Ivy Tech will now operate with 11 regional chancellors, a number that was as high as 14 in the past. They will continue to oversee the 31-degree granting locations and 75+ educational sites throughout the state within the various regional boundaries. While the college will consolidate administrative functions across the new combined regions, the current 14 regional board of trustees will continue to operate just as they have in the past. Those regional board members will provide vital community outreach and operational expertise in assisting the regional chancellors.
College officials also plan to name what it will refer to as campus presidents for an estimated 20 educational sites throughout the state, many of the degree granting locations. This new title will replace the current title of vice chancellor/dean that exists in many of these locations, thus resulting in no additional new staff. The Campus presidents will report to the chancellors within the sites they serve. Their will be outreach to the local community. Further details are expected to be released soon.

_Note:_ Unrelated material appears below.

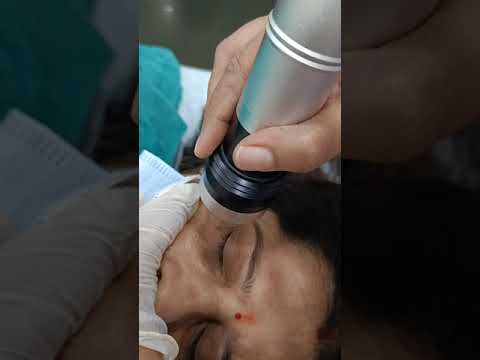 Dark circles treatment by MNRF technology.. Message me  99908 04088.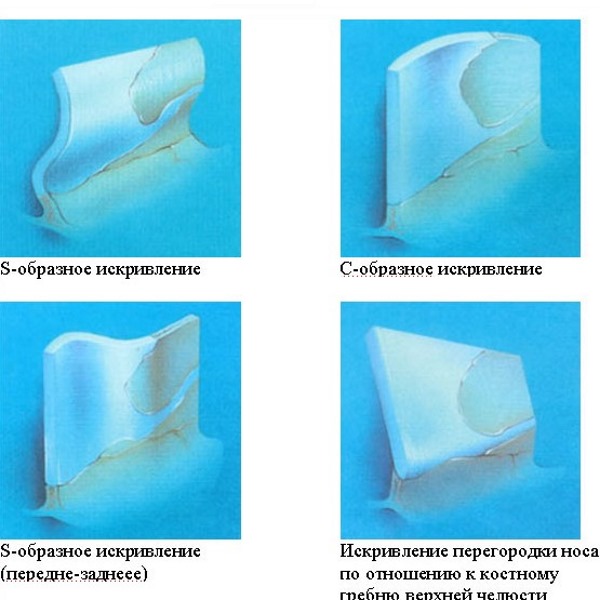 Courbure de la cloison nasale. Symptômes, causes et conséquences. Opération de septoplastie: indications, contre-indications, types et caractéristiques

“Ivy Tech is focused on being responsive to the local community needs and work force development efforts. Regional consolidation, along with the recent restructuring of our academic divisions and soon to be named campus presidents, will allow us to expand our outreach efforts and ensure that we are providing what our communities need,” says President Thomas Snyder.
“We believe that all of these changes are a part of our plan to align with the Indiana Career Council and Works Councils efforts. Ivy Tech, in addition to its transfer mission, continues to be focused on job skills development and career training. Our new structure will allow us to best assess existing skill gaps between available jobs and Indiana’s work force and partner with business and industry to fill those gaps.”
Regional organizational changes include the combination of the East Central region, which includes the degree-granting locations of Anderson, Marion, Muncie and New Castle, with the Richmond region, which includes the Richmond and Connersville locations. They will be led by current East Central Chancellor Andrew Bowne.
The Columbus region, which includes the degree-granting locations of Columbus and Franklin, will now be combined with the Southeast region, which includes locations in Batesville, Lawrenceburg and Madison. They will be overseen by a single chancellor. An interim chancellor will be named soon.
In addition, the Greencastle location, formerly part of the Wabash Valley region, will now be managed as part of the Central Indiana region.
The college first combined regions in April 2013 when Chancellor Thomas Coley was named to oversee both his current North Central region in addition to the Northwest region.
“Ivy Tech Community College is Indiana’s primary open enrollment institution of higher education and the state’s largest college/university with over 100,000 students each term. The only way the state will reach its goal of increasing the number of adults with a degree or certification to 60 percent by 2025 is if Ivy Tech is successful,” trustee chairman Steve Schreckengast notes.
“We are focused on the success of our students and in keeping higher education affordable and accessible. At the same time we are faced with state funding challenges and must operate as efficiently as possible and eliminate any unnecessary duplication.”
Ivy Tech has communicated its funding challenges in the past, and they include that from 2006-12, the college’s funding per full-time equivalent student has decreased from $3,248 to $2,543. The current funding per student (regardless if part time or full time) is $1,210 as compared to a funding per student of more than $10,000 at other institutions. This has resulted in college officials having to defer nearly $80 million of investments in such things as additional equipment, academic advisors and full-time faculty. While at the same time the college has been able to keep an impressive AA bond rating, one of the few community colleges in the nation with such a rating.
The anticipated savings from these consolidations will permit Ivy Tech to achieve the recently announced $4 million budget reversion from the state and to the extent possible, add a limited number of additional advisors and full-time faculty. In total, because of resources it has had to defer, the college estimates it needs over 300 more advisors and 1,000 more professors converted to full time in order to reach the ratios it desires.